Grantland has a fascinating article on WVU head coach Dana Holgorsen and the Mountaineers' move to the Big 12. WVU's 70-63 win against Baylor has, understandably, become a major story throughout college football -- the West Virginia and Baylor offenses were as impressive as their defenses were weak, and one wonders if this is where college football is headed.

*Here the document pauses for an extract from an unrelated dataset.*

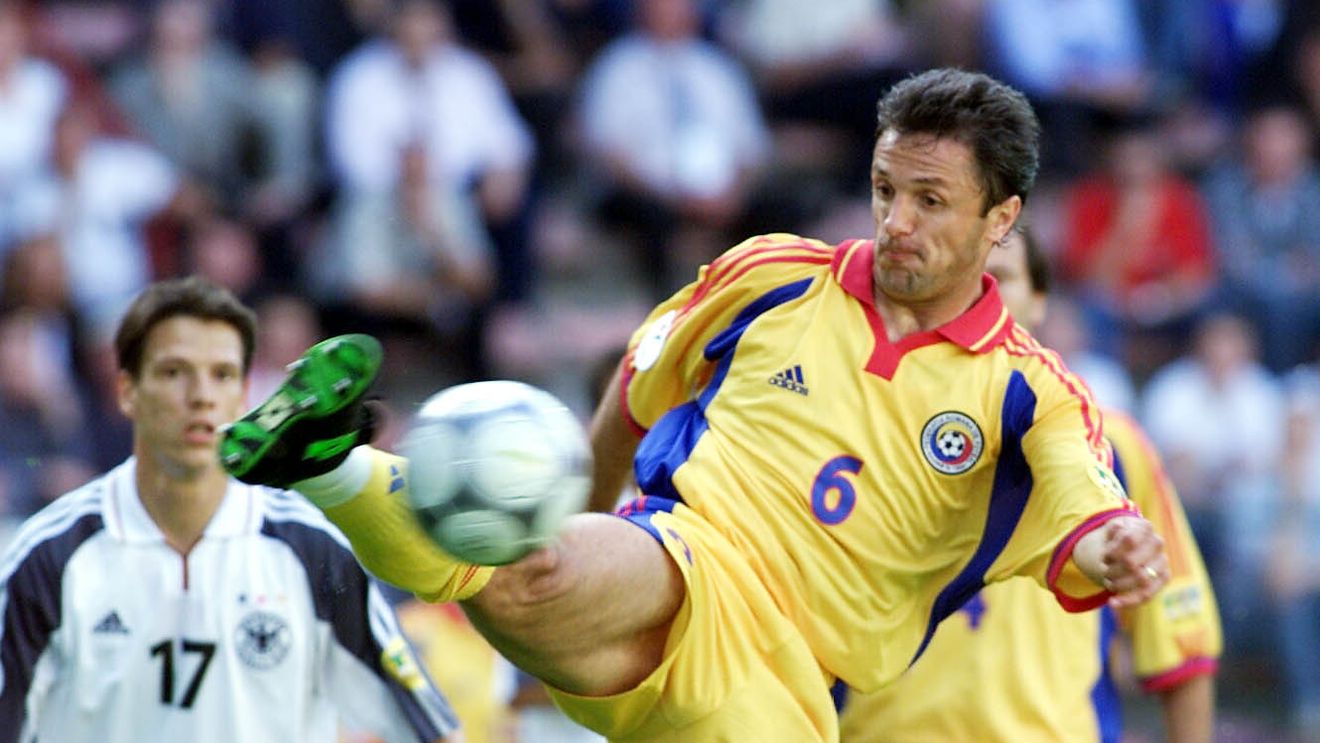 Gică Popescu, dezvăluire după aproape trei decenii: "Nu există club mai mare, semnează! Contractul era pe noptieră, între patul meu și al lui Emil Săndoi". Oferta "monstruoasă" primită după "cel mai bun meci al meu la națională"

I am not unaware of Alabama and LSU, but is it time to concede, given Baylor-WVU — and given Georgia's 51-44 win over Tennessee a few hours later, in what I believe still counts as a Southeast Conference game — that these sorts of impenetrable defenses are the exception rather than the rule in college football? What if wide-open offense is not some measure of college football's inferiority, but simply part of the inherent evolution of the game, given both decades of rules changes and the ongoing concussion crisis? What if offenses like Holgorsen's serve as a pathway to mitigate the violence of football without rendering the sport obsolete? And, if we put aside the preconceptions we grew up with in the era of Woody and Bo and Bear, how is 70-63 somehow inherently less valuable than [a score of] 6-3?
These are great questions, and WVU's first season in the Big 12 will provide fascinating clues to help us answer them. The Mountaineers have a huge test this week against Texas (7:00 on Saturday, FOX). The Longhorns are a better team than Baylor, but they're not immune to giving up tons of points themselves -- their last two matchups were a 66-31 win over Ole Miss and a 41-36 squeaker against Oklahoma State. The Mountaineers will surely have their hands full against David Ash and the Texas offense. Can they score enough to keep pace? And will Holgorsen and Geno Smith's high-powered offense continue to work wonders against Texas, as well as in upcoming matchups against Kansas State, TCU and Oklahoma? Time will tell.